How to combine bytearrays fast ?

General discussions and questions abound development of code with MicroPython that is not hardware specific.
Target audience: MicroPython Users.
Blechi
Posts: 8
Joined: Mon Apr 23, 2018 5:55 pm

How to combine bytearrays fast ?

Post by Blechi » Wed Feb 12, 2020 9:30 pm

Hi folks,
I'm a little stuck here and maybe someone can help.
There are four bytearrays which have to be combined (for lack of a better word) into a fifth one using the fastest way possible.

Code: Select all

a = bytearray(240)
b = bytearray(240)
c = bytearray(240)
d = bytearray(240)
result = bytearray(240)

a = [<arbitrary byte>, 0, 0, 0, <arbitrary byte>, 0, 0, 0, ... and so on ..., <arbitrary byte>, 0, 0, 0]
b = [0, <arbitrary byte>, 0, 0, 0, <arbitrary byte>, 0, 0, ... and so on ..., 0, <arbitrary byte>, 0, 0]
c = [0, 0, <arbitrary byte>, 0, 0, 0, <arbitrary byte>, 0, ... and so on ..., 0, 0, <arbitrary byte>, 0]
d = [0, 0, 0, <arbitrary byte>, 0, 0, 0, <arbitrary byte>, ... and so on ..., 0, 0, 0, <arbitrary byte>]
The result should look like this:

Code: Select all

result = [<byte 0 from a>, <byte 1 from b>, <byte 2 from c>, <byte 3 from d>, <byte 4 from a>, ... and so on ..., <byte 236 from a>, <byte 237 from b>, <byte 238 from c>, <byte 239 from d>]
The easiest way would be:

Code: Select all

for i in range(0,240):
	result[i] = a[i] + b[i] + c[i] + d[i]
Unfortunately the operation has to be as fast as possible.
Something like

Code: Select all

result = a | b | c | d
would be nice, but of course it doesn't work that way.
Has someone perhaps a clever idea how to do this as fast as possible?

Thanks a lot in advance
Blechi

Online
User avatar
jimmo
Posts: 1156
Joined: Tue Aug 08, 2017 1:57 am
Location: Sydney, Australia

Re: How to combine bytearrays fast ?

Post by jimmo » Wed Feb 12, 2020 9:47 pm

Have you tried experimenting with the @native or @viper decorators?

Code: Select all

@micropython.native
def merge(a, b, c, d, result):
  for i in range(0,240):
    result[i] = a[i] + b[i] + c[i] + d[i]
Or

Code: Select all

@micropython.viper
def merge(a : ptr8, b : ptr8, c : ptr8, d : ptr8, result : ptr8):
  for i in range(0,240):
    result[i] = a[i] + b[i] + c[i] + d[i]
I'd need to test the viper one, some additional annotations might be required, but the native one should just work.

OutoftheBOTS_
Posts: 714
Joined: Mon Nov 20, 2017 10:18 am

Re: How to combine bytearrays fast ?

Post by OutoftheBOTS_ » Wed Feb 12, 2020 10:59 pm

First I would ask how r u going to add 4 bytes together then fit the result within a byte?? Remember a byte can only hold the values between 0 and 255.

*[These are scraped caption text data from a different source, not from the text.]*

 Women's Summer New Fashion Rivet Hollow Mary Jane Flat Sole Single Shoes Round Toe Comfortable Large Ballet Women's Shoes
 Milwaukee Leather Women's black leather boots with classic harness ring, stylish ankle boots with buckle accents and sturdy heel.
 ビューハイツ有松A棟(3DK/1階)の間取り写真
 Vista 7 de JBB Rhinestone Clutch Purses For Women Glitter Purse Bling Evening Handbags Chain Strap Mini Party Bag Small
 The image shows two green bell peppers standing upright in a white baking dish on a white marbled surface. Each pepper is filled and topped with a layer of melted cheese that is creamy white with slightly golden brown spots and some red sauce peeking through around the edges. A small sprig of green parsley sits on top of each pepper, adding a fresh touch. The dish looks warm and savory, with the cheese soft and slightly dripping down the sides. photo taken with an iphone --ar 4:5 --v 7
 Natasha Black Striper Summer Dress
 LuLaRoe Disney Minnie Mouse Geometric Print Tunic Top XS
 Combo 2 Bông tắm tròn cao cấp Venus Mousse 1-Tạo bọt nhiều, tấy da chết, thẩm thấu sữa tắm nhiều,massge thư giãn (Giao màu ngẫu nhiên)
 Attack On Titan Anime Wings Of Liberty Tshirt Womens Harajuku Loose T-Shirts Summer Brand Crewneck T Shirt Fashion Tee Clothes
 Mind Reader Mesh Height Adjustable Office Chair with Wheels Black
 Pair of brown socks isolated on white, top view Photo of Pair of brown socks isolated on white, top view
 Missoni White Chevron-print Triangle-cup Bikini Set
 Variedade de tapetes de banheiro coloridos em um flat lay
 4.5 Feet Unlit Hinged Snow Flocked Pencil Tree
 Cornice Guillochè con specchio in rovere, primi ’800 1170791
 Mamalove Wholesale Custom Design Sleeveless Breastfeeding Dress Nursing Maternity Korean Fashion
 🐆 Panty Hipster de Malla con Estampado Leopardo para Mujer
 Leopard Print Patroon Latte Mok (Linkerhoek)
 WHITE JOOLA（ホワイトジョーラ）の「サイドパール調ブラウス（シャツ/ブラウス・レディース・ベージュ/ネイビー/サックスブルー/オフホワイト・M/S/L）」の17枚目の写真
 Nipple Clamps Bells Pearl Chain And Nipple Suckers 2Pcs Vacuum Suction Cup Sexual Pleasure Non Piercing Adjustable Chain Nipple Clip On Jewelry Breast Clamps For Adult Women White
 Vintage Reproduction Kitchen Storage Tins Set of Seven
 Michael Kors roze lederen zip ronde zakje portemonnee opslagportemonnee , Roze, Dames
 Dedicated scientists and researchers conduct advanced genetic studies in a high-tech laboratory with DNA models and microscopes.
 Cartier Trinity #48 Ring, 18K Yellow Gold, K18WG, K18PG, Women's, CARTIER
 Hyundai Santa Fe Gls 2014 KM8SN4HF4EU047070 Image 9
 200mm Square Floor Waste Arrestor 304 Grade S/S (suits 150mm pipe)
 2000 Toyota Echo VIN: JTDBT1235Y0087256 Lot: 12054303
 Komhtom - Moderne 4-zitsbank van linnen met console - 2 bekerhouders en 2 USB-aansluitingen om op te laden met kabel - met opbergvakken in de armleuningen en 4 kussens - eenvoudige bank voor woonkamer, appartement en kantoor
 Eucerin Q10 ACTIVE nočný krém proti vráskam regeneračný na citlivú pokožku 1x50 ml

Not sure what has been implemented in the uLAB module (uLAB is MP version of NumPy)

Online
User avatar
jimmo
Posts: 1156
Joined: Tue Aug 08, 2017 1:57 am
Location: Sydney, Australia

Re: How to combine bytearrays fast ?

Post by jimmo » Wed Feb 12, 2020 11:22 pm

OutoftheBOTS_ wrote:
Wed Feb 12, 2020 10:59 pm
First I would ask how r u going to add 4 bytes together then fit the result within a byte?? Remember a byte can only hold the values between 0 and 255.
My impression was that the arrays are zeron other than every fourth element. i.e. this code would do the same thing:

Code: Select all

def merge(a, b, c, d, result):
  i = 0
  while i < 240:
    result[i] = a[i]
    i += 1
    result[i] = b[i]
    i += 1
    result[i] = c[i]
    i += 1
    result[i] = d[i]
    i += 1
(Which may actually be faster than the OPs code, and would also work well with native/viper)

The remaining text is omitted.